* Exercise prompt
Work through the listing below and give again exactly the lines from the one with "Bank of Poppies" to the one with "C16 Cold Press", both ends included. All other lines and all pictures stay out.

* Given data
────────
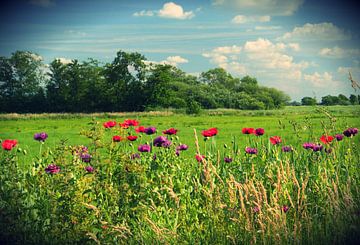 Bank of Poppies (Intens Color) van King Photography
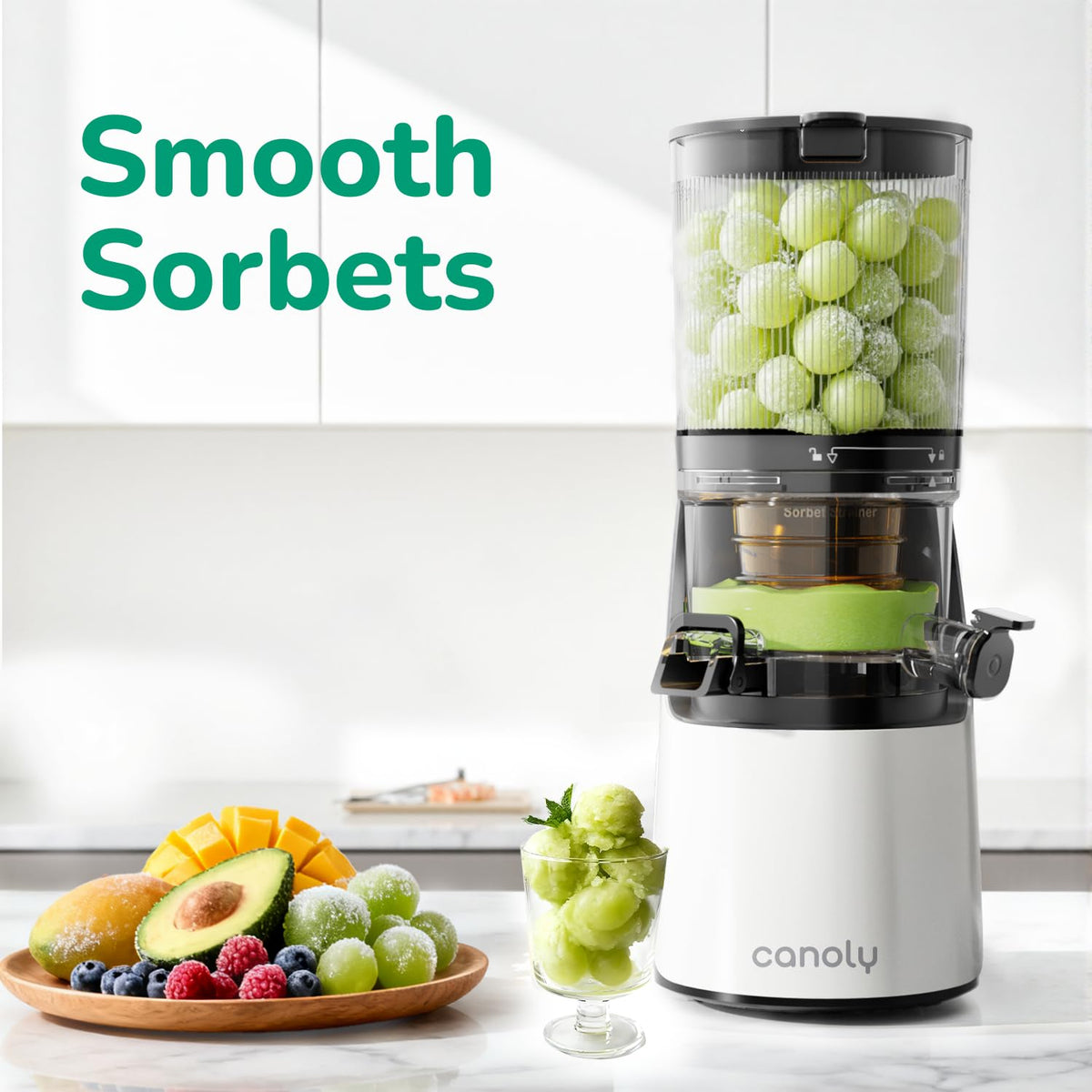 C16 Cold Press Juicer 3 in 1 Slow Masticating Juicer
────────
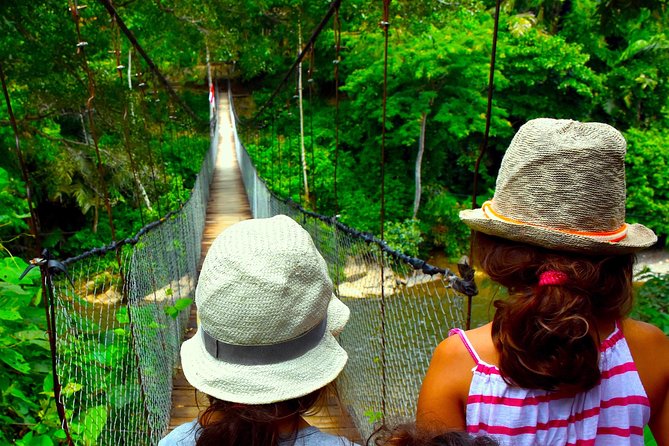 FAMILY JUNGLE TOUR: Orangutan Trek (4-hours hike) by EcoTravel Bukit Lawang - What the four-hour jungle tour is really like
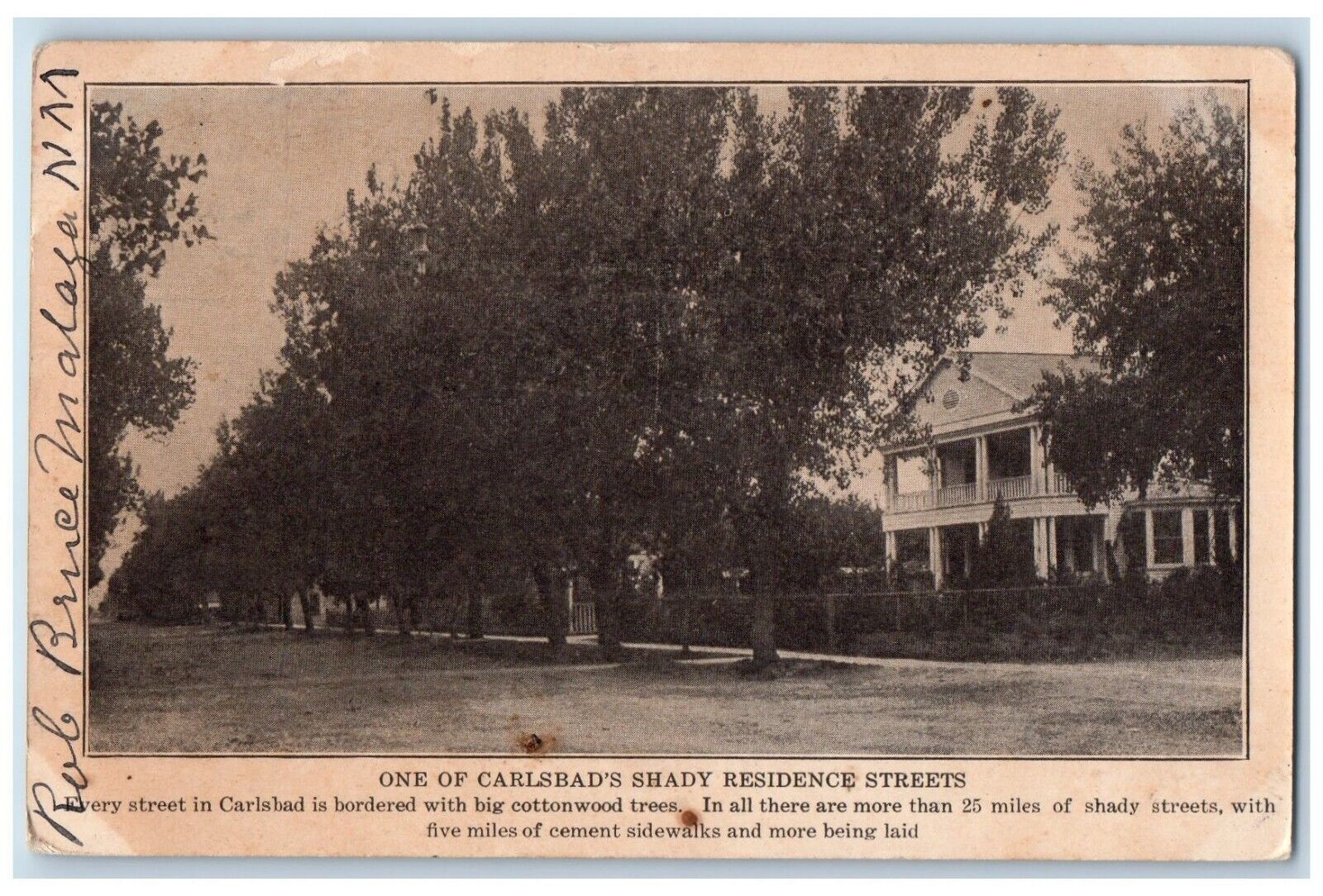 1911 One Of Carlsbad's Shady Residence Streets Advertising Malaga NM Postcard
────────
* Reply
 Bank of Poppies (Intens Color) van King Photography
 C16 Cold Press Juicer 3 in 1 Slow Masticating Juicer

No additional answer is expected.